**Exercise aim**. Print the lines below from the line with "인생사진 찍으러 경북으로" to the line with "Why Golden Retrievers" exactly, keeping both ends, and print no pictures.

**Dataset records**.

────

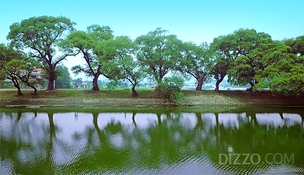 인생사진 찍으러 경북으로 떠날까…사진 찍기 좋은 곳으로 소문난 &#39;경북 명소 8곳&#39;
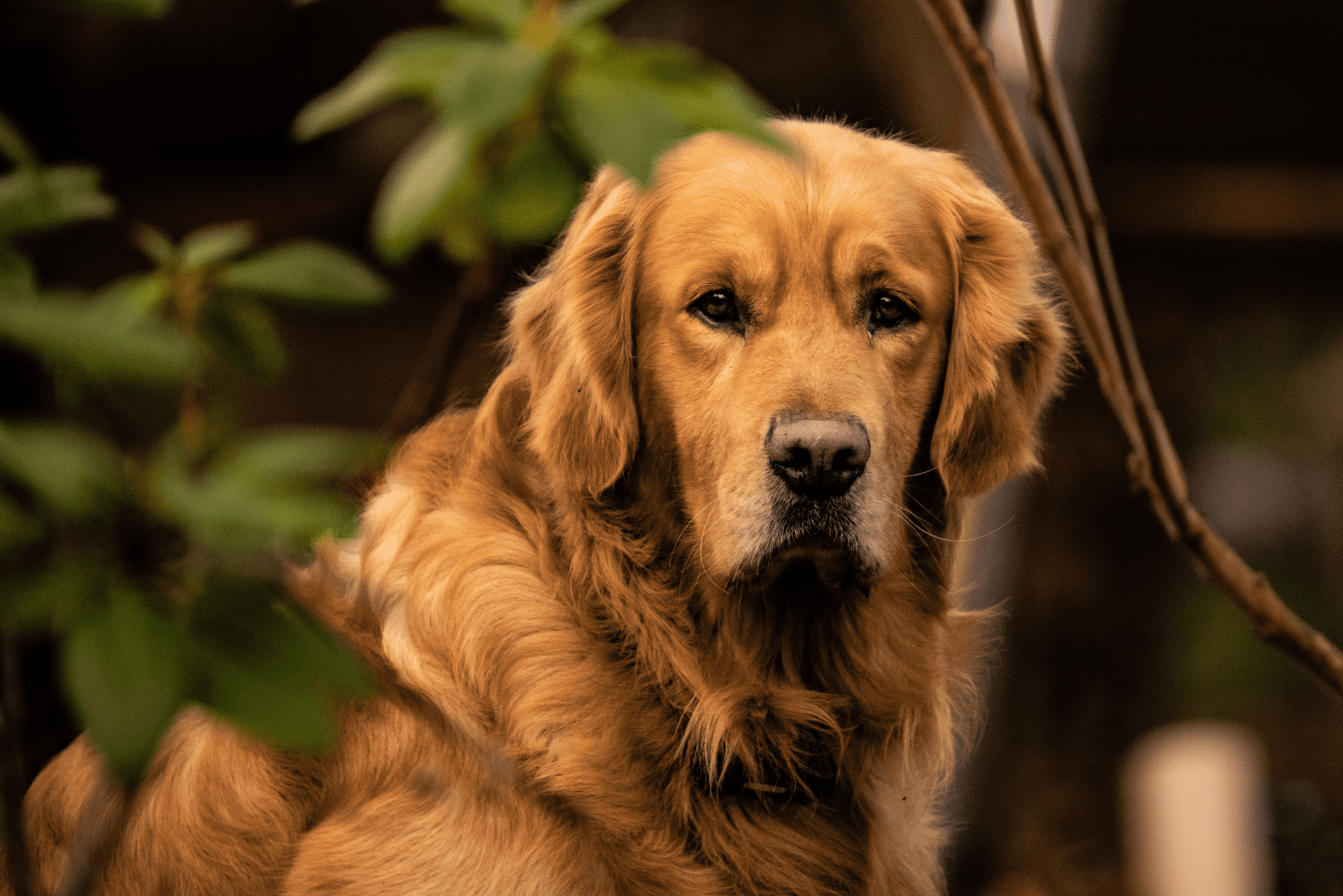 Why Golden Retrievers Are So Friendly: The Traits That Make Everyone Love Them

────

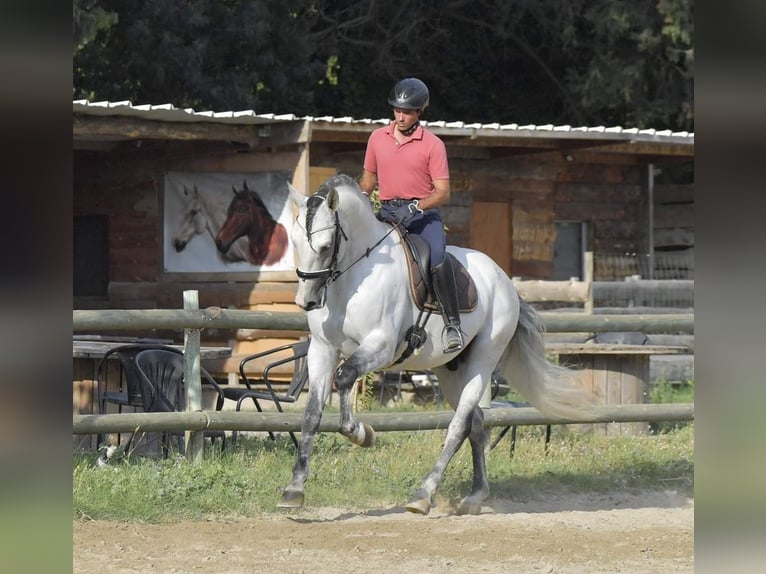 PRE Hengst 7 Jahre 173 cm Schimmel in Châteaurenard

────

**Answer for the task**.
 인생사진 찍으러 경북으로 떠날까…사진 찍기 좋은 곳으로 소문난 &#39;경북 명소 8곳&#39;
 Why Golden Retrievers Are So Friendly: The Traits That Make Everyone Love Them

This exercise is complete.